This function calculates Hotelling's T-squared statistic and, when applicable, the lengths of the semi-axes of the Hotelling's ellipse. It can work with a specified number of components or use a cumulative variance threshold.

ellipseParam(
  x,
  k = 2,
  pcx = 1,
  pcy = 2,
  threshold = NULL,
  rel.tol = 0.001,
  abs.tol = .Machine$double.eps
)

Arguments

x

A matrix, data frame or tibble containing scores from PCA, PLS, ICA, or other similar methods. Each column should represent a component, and each row an observation.

k

An integer specifying the number of components to use (default is 2). This parameter is ignored if threshold is provided.

pcx

An integer specifying which component to use for the x-axis when k = 2 (default is 1).

pcy

An integer specifying which component to use for the y-axis when k = 2 (default is 2).

threshold

A numeric value between 0 and 1 specifying the desired cumulative explained variance threshold (default is NULL). If provided, the function determines the minimum number of components needed to explain at least this proportion of total variance. When NULL, the function uses the fixed number of components specified by k.

rel.tol

A numeric value specifying the minimum proportion of total variance a component should explain to be considered non-negligible (default is 0.001, i.e., 0.1%).

abs.tol

A numeric value specifying the minimum absolute variance a component should have to be considered non-negligible (default is .Machine$double.eps).

Value

A list containing the following elements:

  • Tsquare: A data frame containing the T-squared statistic for each observation.
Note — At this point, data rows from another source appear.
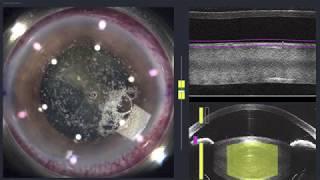 Cirurgia de Catarata a Laser HOB Brasilia https://www.youtube.com/watch?v=ilSqcySDs50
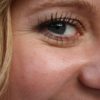 25 Natural Remedies to Cure Under Eyes Wrinkles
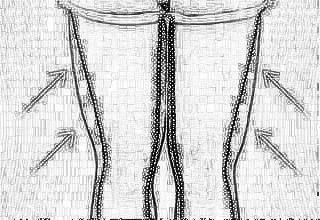 齐齐哈尔千百度大腿吸脂术可恢复苗条吗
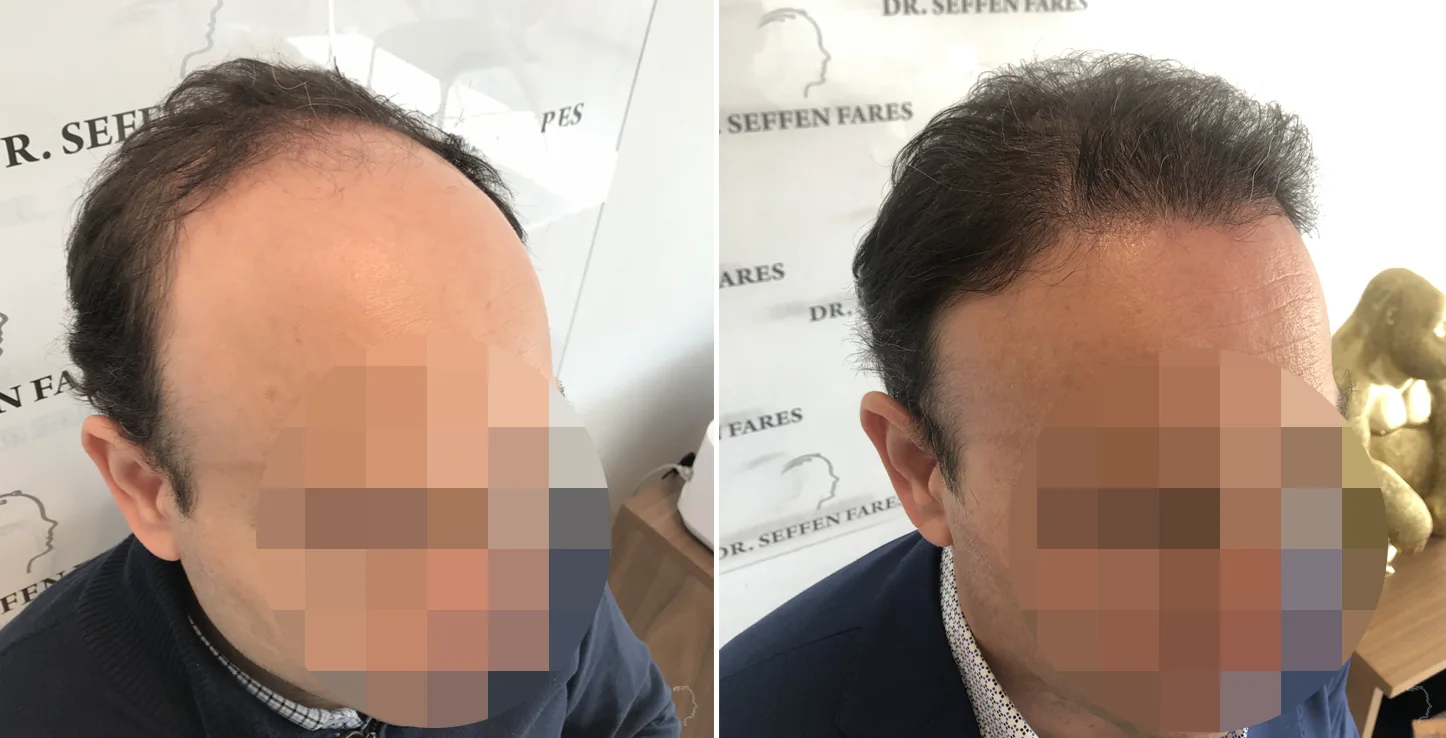 Patient 47, before and after hair transplant, view 2
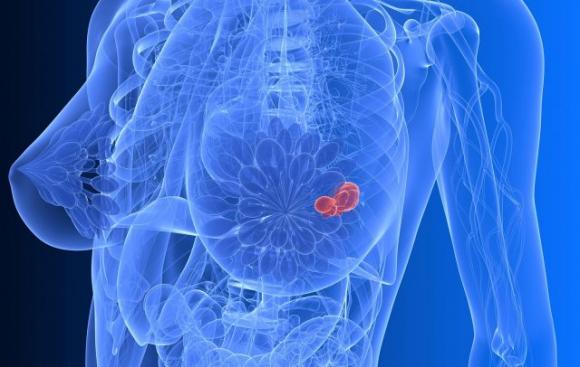 Cancro al seno: scoperti i geni che predicono il rischio di metastasi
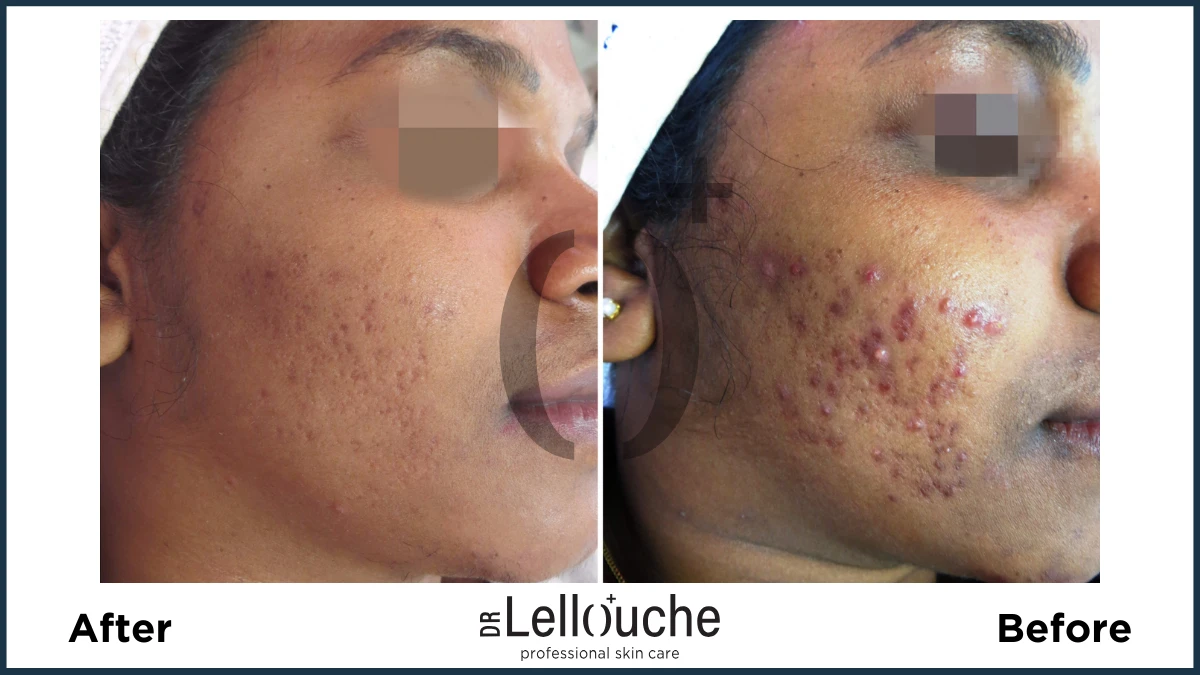 תמונה לפני ואחרי טיפול באקנה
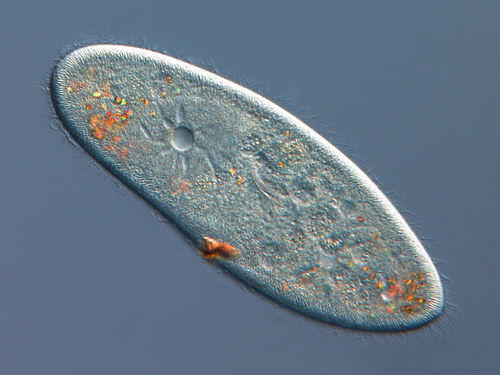 A photo that shows the contractile vacuole within paramecia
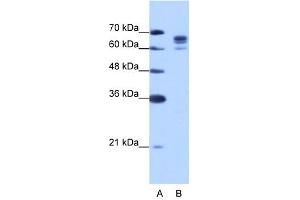DDX17 antibody used at 1. (DDX17 抗体)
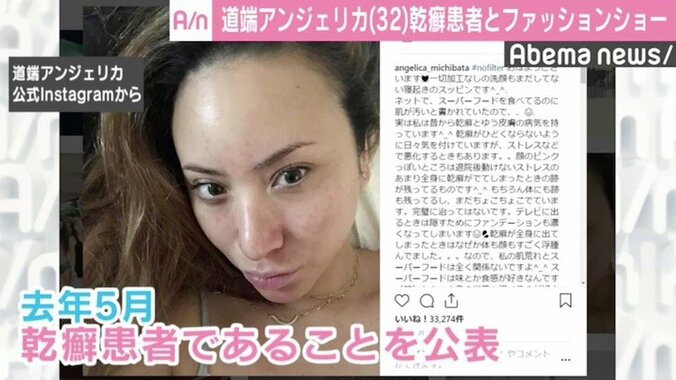 道端アンジェリカ、“乾癬”告白の理由は「ただ悔しかった」 2枚目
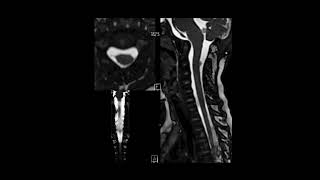 Intradural extramedullary schwannoma of the cervical spine [upl. by Asen]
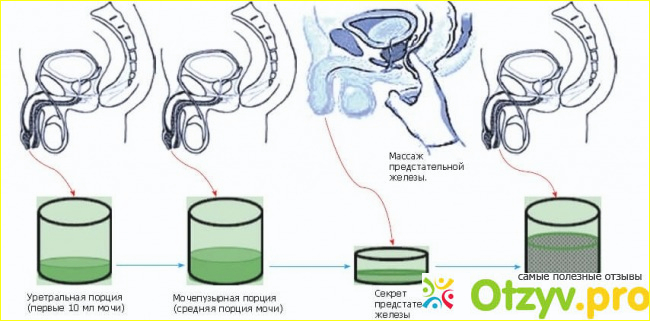 Ужасный врач-уролог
  • Ellipse: A data frame containing the lengths of the semi-minor and semi-major axes (only when k = 2).

  • cutoff.99pct: The T-squared cutoff value at the 99% confidence level.

  • cutoff.95pct: The T-squared cutoff value at the 95% confidence level.

  • nb.comp: The number of components used in the calculation.

Details

When threshold is used, the function selects the minimum number of k components that cumulatively explain at least the specified proportion of variance. This parameter allows for dynamic component selection based on explained variance, rather than using a fixed number of components. It must be greater than rel.tol. Typical values range from 0.8 to 0.95.

The rel.tol parameter sets a minimum variance threshold for individual components. Components with variance below this threshold are considered negligible and are removed from the analysis. Setting rel.tol too high may remove potentially important components, while setting it too low may retain noise or cause computational issues. Adjust based on your data characteristics and analysis goals.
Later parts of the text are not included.